“The best things in life are free” -unknown
I sat on the front steps of my house with a surgical mask hanging from my ears. I could barely breathe without it but having it on was a chokehold. A dusty gust of hot air coughed on me, as I hung my head limply with no energy. This heat had to be worse than hell I thought to myself as I closed my eyes. It was early evening, but the pavement and roads still radiated radioactively, and the evil hairdryer in the sky continued coughing all over me. I was waiting for my family and neighbours to pass by for our regular evening walk, but super-heated summer evenings sapped the fun and life out of everything. It’s still tough getting used to the new post-corona world: Masks and gloves on at all times, social distancing, and furtive suspicion towards anyone clearing their throat. Staying at home isn’t too hard as I enjoy my own company, but I still miss random interactions with strangers.
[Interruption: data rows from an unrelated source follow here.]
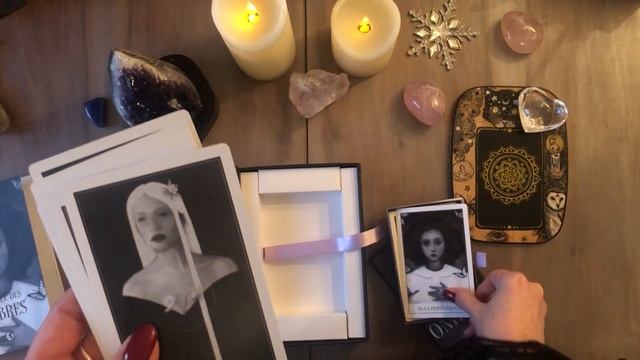 Présentation de l'Oracle des Ombres de Marion B. смотреть онлайн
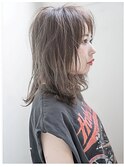 カジュアル＆フェミニンミディ　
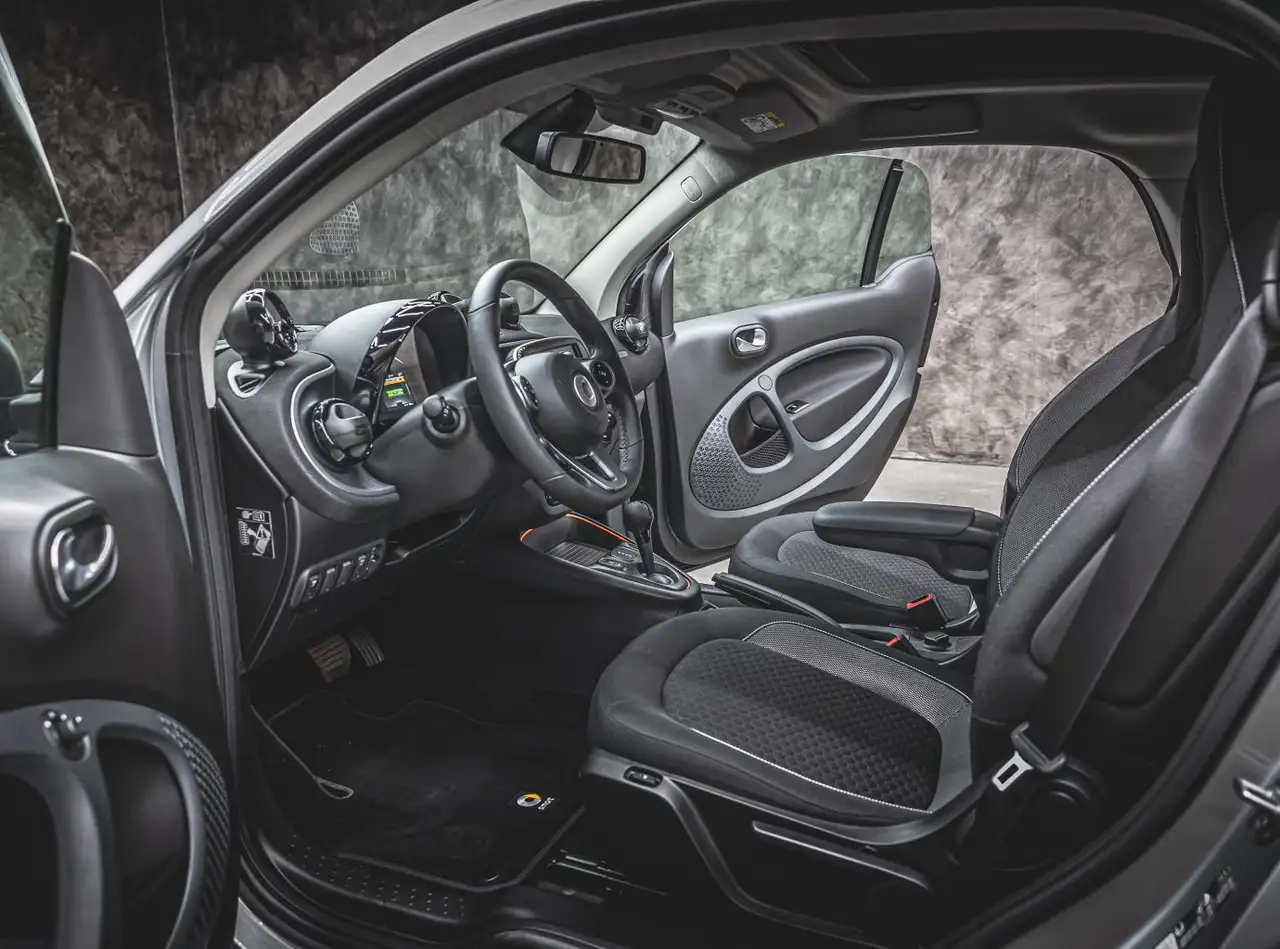 smart forTwo EQ coupe passion EXCLUSIVE:IST WAGENHAFT! — معرض صور السيارة 20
My mind drifted to simpler times. I was a young hellraiser that was carted off to a Lebanese boarding school at the age of 15. I still remember the first few weeks away from home where I battled shifting tides of emotion; ranging from the sheer exhilaration of independence to bitter desperation and homesickness at night. The late evenings were always the worst. As dormies (Dormitory students) we hung around on campus after the day students left. We had two study hours, a quick meal of meat and rice with bread and salad on the side, then a short bus ride to our dorms a couple of kilometres down the dark cool mountain. Those bus rides were when I truly felt alone the most. As the squeaky manual bus manoeuvred its way around sharp twisty mountain bends I’d listen to my battery-powered Walkman and wonder what my friends were up to back home. In the early nineties there were barely any landlines in postwar Beirut, let alone the mountains.
I was cast into a dynamic multicultural environment from an extremely sheltered existence. Bahrain was mainly desert with a couple of highways, a Dairy Queen, and a Diplomatic area. You could reach anywhere within 10 minutes and nobody locked their doors at night. You would never see more than a handful of cars at any traffic light, and we just had two TV stations (Arabic 4 and English 55). Okay, we sometimes got Aramco but that was it. We had air conditioning of course, but we were used to the heat. I cannot really remember ever feeling it, and I would play all sorts of sports outdoors during the summer.
On one of the nightly cool bus rides down to the dorms it started raining. Within seconds it started hailing. Hail was a strange proposition to a young boy from the Arabian Gulf. I took off my headphones and marvelled at the sound of thudding and clunking on the roof of the bus. Nobody else really seemed to notice but I was astounded and fascinated. As the road started turning white, the bus creaked to a halt in front of the dorms. I stayed behind as all the other children squealed and sprinted indoors, then I took a trepid step off the bus. I looked up and fixed my gaze on the sky. Despite the water and cold hailstones barraging my face I kept my eyes open. It was a magnificent feeling of pure joy and freedom. I spread my arms and spun around like a madman beaming and laughing with ecstasy as the other dormies wondered what was wrong with me. I enjoyed the slow walk to the main door and stepped into the strong yellow corridor light. As I shook off ice and water from my hair and hoodie, I felt reborn and happy. It was time for a hot shower and cocoa. Such were the small moments of pleasure that I miss the most.